News in Jesuit Studies

The following are notices of significant events related to the field of Jesuit Studies.
The notices appear chronologically, and all entries are indexed into the Portal’s search capabilities.
To contribute news of significant publications and events, both recent and forthcoming, please contact the Portal’s editors (jesuitportal@bc.edu)



Jesuit Sources has published a new English translation of De discendi et docendi ratione, or The Way to Learn and the Way to Teach, by French Jesuit poet, pedagogue, philologist, and historian Joseph de Jouvancy. In this book, Jouvancy describes how young instructors might effectively pursue their own studies during their years of teaching while also detailing the essentials of good teaching.

 

The new edition by Jesuit Source presents an English translation as well as the Latin of the 1703 edition of Jouvancy’s Ratio, the version produced pursuant to the decree of General Congregation 14, whose authority it invokes on its very frontispiece.

 

More information is available at Jesuit Sources: https://jesuitsources.bc.edu/the-way-to-learn-and-the-way-to-teach/



David Salomoni, a postdoctoral researcher at the Project RUTTER—Making the Earth Global, has published “Jesuits on Board: A Reasoned Bibliography on the Early Modern Jesuit Trans-Oceanic Sailing Experiences.” The essay appears as the third installment of the RUTTER: Technical Notes, an open-access serial publication covering topics as diverse as the research activities of the RUTTER research team. The essay, which Salomoni will update regularly, may be downloaded for free at: https://www.rutter-project.org/uploads/1/2/9/4/129482413/salomoni_tn3.pdf

 

Salomoni’s essay provides a historiographical overview and a bibliographical summary of Jesuit missions and travels, including the reports, histories, treaties, and travel accounts written by the members of the Society of Jesus between the 16th and 18th centuries. While particular attention is paid, in this “global history of the seas,” to the Jesuits’ scientific contributions, Salomoni addresses the missionaries experiences on the seas as well. “The aim of this continually updated bibliography, therefore, is to collect all the modern and ancient titles relating to the on-board oceanic travel experiences of Jesuit missionaries, but not to them only,” Salomoni writes. “Another ongoing attempt here is to collect the same kind of material on the oceanic travels of other religious missionary orders (Franciscans, Dominicans, Augustinians) to be compared with the Jesuits for a more detailed and comprehensive overview of such phenomenon. This bibliography will serve as a basis for articles, an edition of sources, and finally a book that will allow us to take stock of a decisive moment in the scientific, intellectual and social history not only of the Society of Jesus, but of the entire world. ”

 

The essay’s bibliography runs 23 pages and includes a section on selected literature on Jesuit missions and travels (including those for Jesuits at sea and in the missions as well as on their scientific work), a list of Jesuit reports, histories, treaties, and travel accounts, another list of travel accounts from other religious orders, one for non-religious travel accounts, and, finally, a list of relevant online resources.

 

Composed of an international and interdisciplinary team of researchers, the RUTTER Project has a mission to “write a narrative of the scaling up of a scientific description of the earth in the sixteenth and seventeenth centuries, and how it grew out of the lived experience of travelling and observing the earth in long-distance sea voyages. It aims at radically improving our present knowledge of the historical processes that led to the formation of global concepts about the earth.” Henrique Leitão serves as the group’s principal investigator and Antonio Sánchez as the senior researcher. The RUTTER project receives funding through the European Research Council (ERC). Learn more about the project at https://www.rutter-project.org/.

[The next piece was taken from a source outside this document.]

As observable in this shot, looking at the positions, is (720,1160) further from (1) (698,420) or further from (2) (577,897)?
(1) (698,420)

The 2020 Global Digital History of Science Festival organized by the British Society for the History of Science features a virtual book launch of Jesuits and the Book of Nature: Science and Education in Modern Portugal by Francisco Malta Romeiras. The event features remarks by Malta Romeiras as well as a question-and-answer period hosted by Nuno Castel-Branco, a Ph.D. Candidate in the History of Science at Johns Hopkins University.

 

The virtual discussion is free and open to the public. It takes place at Wednesday 8th July, 16:00 – 17:00 (UTC+1). More details are available at https://bshsfestival.org.uk/index.php/programme/author-qas/book-launch-jesuits-and-the-book-of-nature/.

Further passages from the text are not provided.